As much as Witch Hat Atelier shows off the inflexibility of its system, the end of this volume certainly suggests the Brimmed Caps are not the only ones fed up with it either. And yet, this new group of witches, at least for now, don’t seem anything like the Brimmed Caps, but they want to use their magic to help – without restrictions. We certainly will be getting more information about them, and I’ll certainly be curious how this will affect Coco and the rest of the girls.

Justin’s rating: 4 out of 5

Helen: To start this review with a tangent and a metaphor: I grew up in a Roman Catholic family and I still believe that in some ways the overall teachings of this denomination espouse a “radical kindness” that is worth striving for and I also had a good teacher in my Catholic high school who taught the Bible as a historical collection of works which really illuminated some of the original meanings for me (for instance, “turn the other cheek” did not mean “let them hit you twice” but rather “don” ‘t let them hit you with the hand that is literally only used to wipe your butt, have more dignity than that”). But even with that, I stepped away from the church as a teenager because I could see how the organization was shaped not only by this higher ideal but also by centuries of hidebound tradition and I couldn’t stand to be a part of that, I ‘d feel better striving for that “radical kindness” on my own without the 2,000 years of baggage that came with the church.

Coco is still relatively new to the world of witches — we don’t have an exact time frame but I believe that she’s only been with Qifrey’s atelier for a few months, and I think she is in the beginning stages of her own crisis of faith . Growing up in a non-magical community, Coco was always amazed at the brilliant things that magic could do, and from the outside looking in that was the only viewpoint she could have. But now that Coco is a part of that magical community she’s seen so many witches who cling to old ideas and who generally use their magic to be unpleasant people, people with personalities that drove Richeh (and probably Agott as well) to Qifrey’s atelier.

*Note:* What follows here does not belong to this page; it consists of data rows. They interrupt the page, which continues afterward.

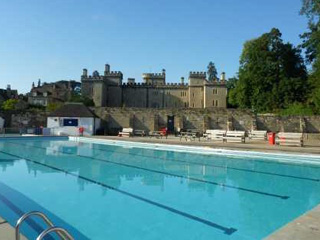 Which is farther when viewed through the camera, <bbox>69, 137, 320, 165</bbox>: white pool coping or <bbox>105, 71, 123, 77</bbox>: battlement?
<bbox>105, 71, 123, 77</bbox>: battlement

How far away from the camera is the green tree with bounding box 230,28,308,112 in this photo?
35.6m

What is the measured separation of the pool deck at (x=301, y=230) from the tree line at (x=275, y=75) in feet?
100

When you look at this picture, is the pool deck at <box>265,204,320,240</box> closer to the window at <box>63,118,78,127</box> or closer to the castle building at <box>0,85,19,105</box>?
the window at <box>63,118,78,127</box>

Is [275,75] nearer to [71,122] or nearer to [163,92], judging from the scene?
[71,122]

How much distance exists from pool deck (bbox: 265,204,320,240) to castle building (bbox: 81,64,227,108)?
54.6m

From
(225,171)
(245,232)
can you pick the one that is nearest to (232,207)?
(245,232)

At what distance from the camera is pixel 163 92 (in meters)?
61.8

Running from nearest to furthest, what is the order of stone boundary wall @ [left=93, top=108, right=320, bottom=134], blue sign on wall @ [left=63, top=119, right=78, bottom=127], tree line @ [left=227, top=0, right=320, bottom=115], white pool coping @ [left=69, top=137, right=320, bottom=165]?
1. white pool coping @ [left=69, top=137, right=320, bottom=165]
2. blue sign on wall @ [left=63, top=119, right=78, bottom=127]
3. stone boundary wall @ [left=93, top=108, right=320, bottom=134]
4. tree line @ [left=227, top=0, right=320, bottom=115]

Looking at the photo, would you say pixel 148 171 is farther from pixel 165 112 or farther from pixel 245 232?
→ pixel 165 112

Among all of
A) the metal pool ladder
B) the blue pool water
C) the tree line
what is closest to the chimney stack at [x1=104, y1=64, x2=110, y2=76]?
the tree line

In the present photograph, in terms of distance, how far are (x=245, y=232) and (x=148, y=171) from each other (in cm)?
619

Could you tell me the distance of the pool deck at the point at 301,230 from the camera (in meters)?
3.81

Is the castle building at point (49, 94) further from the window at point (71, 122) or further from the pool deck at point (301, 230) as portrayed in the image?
the pool deck at point (301, 230)

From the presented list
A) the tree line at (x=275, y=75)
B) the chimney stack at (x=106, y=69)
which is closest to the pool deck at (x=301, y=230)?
the tree line at (x=275, y=75) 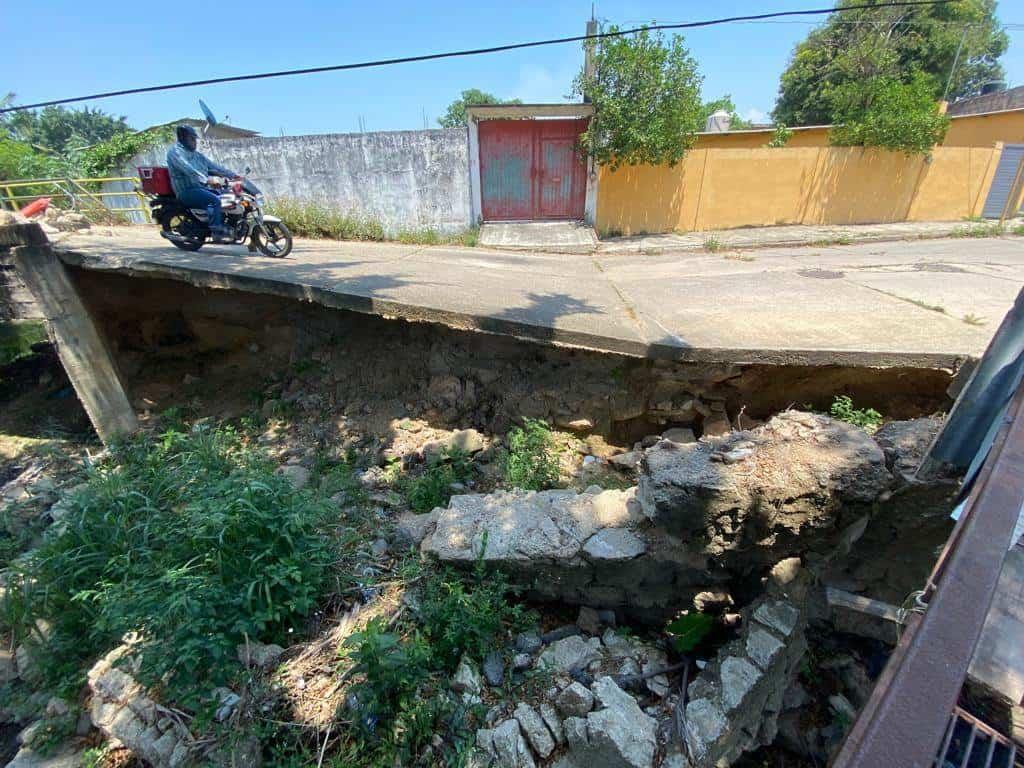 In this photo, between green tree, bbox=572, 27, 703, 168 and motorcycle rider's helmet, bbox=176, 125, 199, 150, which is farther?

Even Coco has begun to change, when she learns that Tartah is secretly studying her apothecary her knee-jerk reaction is to freeze up; logically she knows that there’s a big difference between using herbs (the same ones that witches use for other things) and drawing spells directly onto the human body, but the taboo of practicing both medicine and magic has already deeply taken root in her. She’s forced to confront this and other feelings when dealing with Custas, one of the people she saved from the river crossing earlier in the series, and he casually says things like “You two [Coco and Tartah] didn’t choose to be born the way you are any more than I did. You came into this world as witches. It’s not like you chose your fate.” Coco is of course, possibly the only witch ever who’s been born to a regular family and let in on the secret of magic, and Tartah has struggled with vision issues that have left him isolated from most other witches, he still hasn’t even been taken on as an apprentice. If anything, these two are the closest people to standing on the line between witches and non-witches; Both earnestly wanting to do great things with their magic but their only “choice” in the matter was that or complete banishment from the community.

Witch Hat Atelier Coco, Tartah, and Custas

Because of her background, Coco has always had a different view on witches and magic than those around her and I can’t help but wonder if she was specifically targeted by the brimmed hat witches (if they saw something in her at an early age) as one of their avenues to remake the world or if many magic books and pens were given out by the brimmed hats and Coco was the only child to discover their secret. Her faith in the fundamentals of magic has been shaken a bit more now, it’s not as if she hadn’t already seen in multiple instances how the hidebound nature of some witches threatens to kill anyone who doesn’t follow the same ideas exactly, and It’s difficult to guess what path Coco will eventually take: one as an apostle of magic or that of an apostate brimmed hat.